Gablota “Wiesława”
Dziś znów kącik historyczny. Otóż jeśli masz, Czytelniku, 400 tysięcy złotych luźnej gotówki i szukasz samochodu, który zaraz po wyjechaniu z salonu nie będzie wart ze 30 tysięcy mniej, kup Mercedesa W189 300d z 1959 roku, który dawno temu woził I sekretarza KC PZPR, tow. Władysława Gomułkę. Zabytkowy wóz, pięknie odrestaurowany, został niedawno wystawiony na sprzedaż.
Młodszym należy się wyjaśnienie, że model W189 zwany był perwersyjnie „Adenauerem”, a przezwisko to zawdzięczał ówczesnemu kanclerzowi Republiki Federalnej, który sam był taką limuzyną wożony. Perwersja polegała zaś na tym, że w czasach Gomułki Konrad Adenauer przedstawiany był przez komunistyczną propagandę jako „rewanżysta” i „odwetowiec” z Bonn. A kiedy kanclerz został w 1958 roku honorowym członkiem Zakonu Szpitala Najświętszej Marii Panny Domu Niemieckiego w Jerozolimie, czyli po naszemu „krzyżakiem”, jego zdjęciem w białym płaszczu z czarnym krzyżem straszono dzieci.
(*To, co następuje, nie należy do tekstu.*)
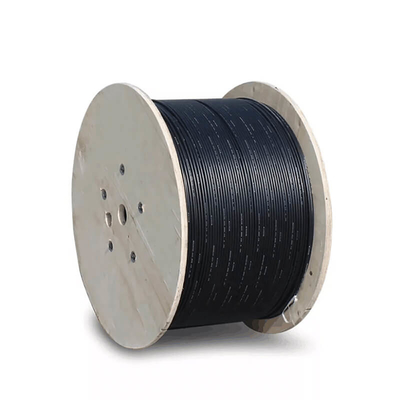Multimode ADSS 48 câble à fibre optique à noyau PE enveloppe avec noir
Towarzysz „Wiesław” nigdy zatem nie pozwoliłby nazywać swojego służbowego samochodu „Adenauerem”.
Ciekawostką historyczno-motoryzacyjną jest fakt, że nasi peerelowscy luminarze, wedle których NRF (jak wówczas nazywano Zachodnie Niemcy) była głównym zagrożeniem naszej państwowości, uwielbiali właśnie produkty tamtejszego przemysłu motoryzacyjnego. Radzieckie „Czajki” i „ZiŁ-y” zupełnie się u nas nie przyjęły. Nasi sekretarze wyznawali ugruntowany nad Wisłą pogląd, że „bez gwiazdy ni ma jazdy”.
Tradycja ta przetrwała zmianę ustroju i również dziś nasi umiłowani przywódcy korzystają z pojazdów produkowanych za naszą zachodnią granicą. A że co i rusz któryś ląduje na latarni albo w rowie, rząd nasz jest cenionym klientem niemieckiego przemysłu samochodowego.